**Activity:** Below this line are records; write out exactly the lines from the one containing "White Emerald" through the one containing "фото thumb №2, Камера", with the pictures left out.

START Dataset content

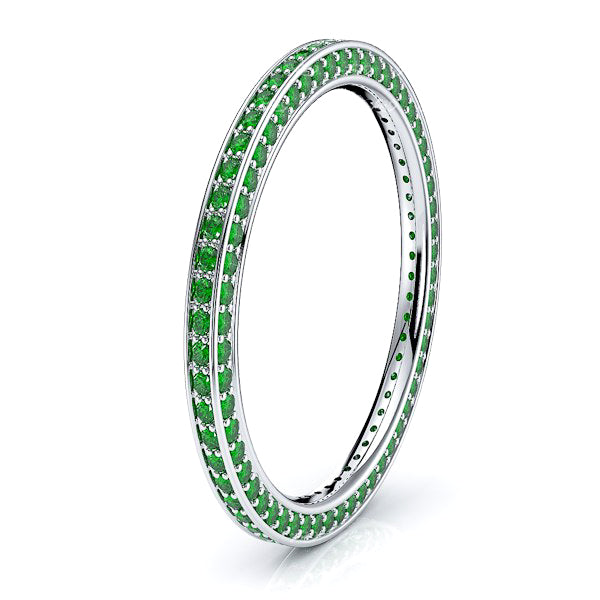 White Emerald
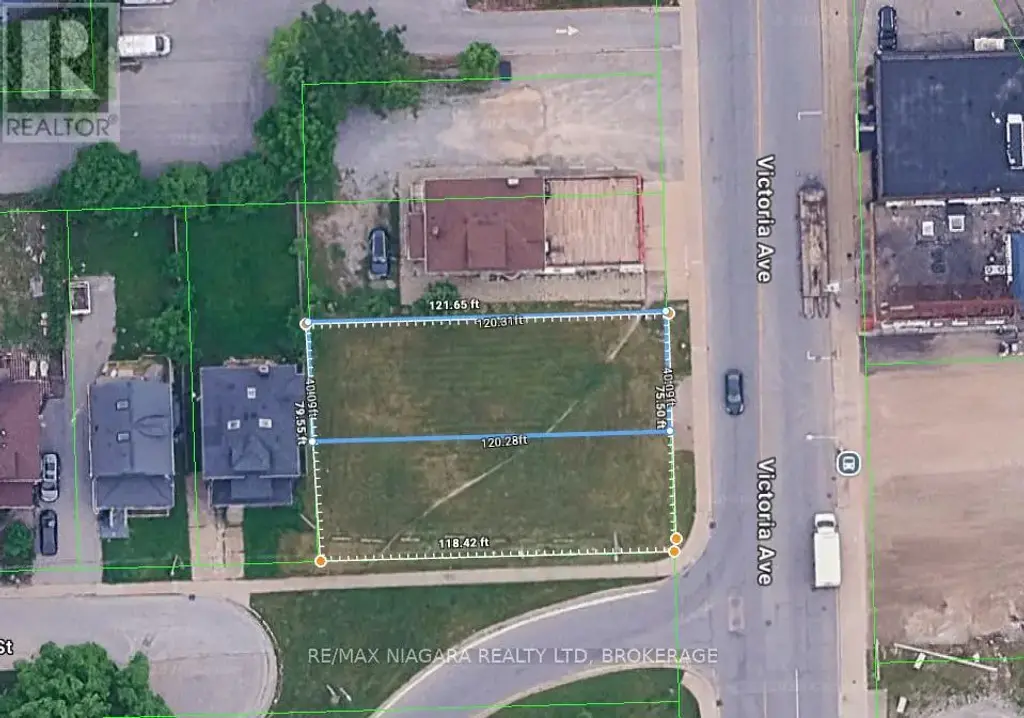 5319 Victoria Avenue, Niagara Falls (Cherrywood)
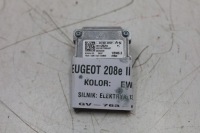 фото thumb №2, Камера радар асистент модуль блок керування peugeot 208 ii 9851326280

END Dataset content
START Dataset content

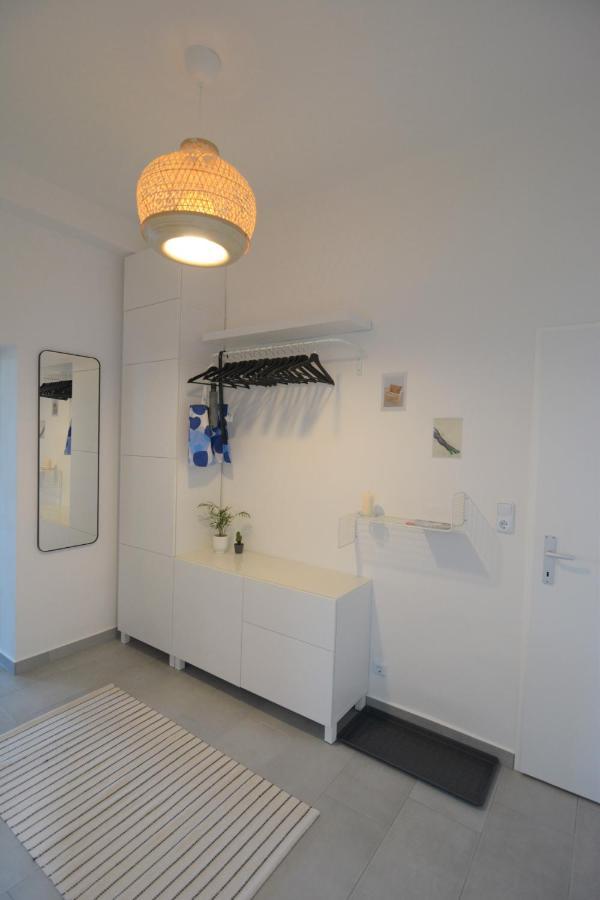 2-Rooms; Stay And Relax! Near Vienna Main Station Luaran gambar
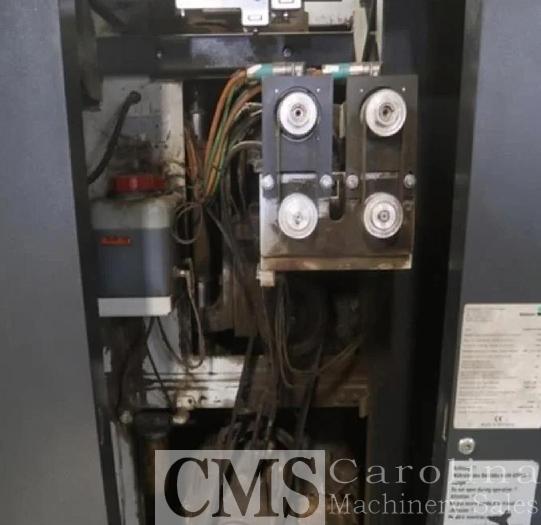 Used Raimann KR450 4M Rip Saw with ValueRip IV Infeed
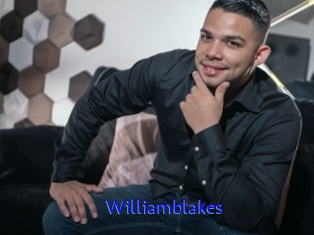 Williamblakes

END Dataset content

**Solution below:**
 White Emerald
 5319 Victoria Avenue, Niagara Falls (Cherrywood)
 фото thumb №2, Камера радар асистент модуль блок керування peugeot 208 ii 9851326280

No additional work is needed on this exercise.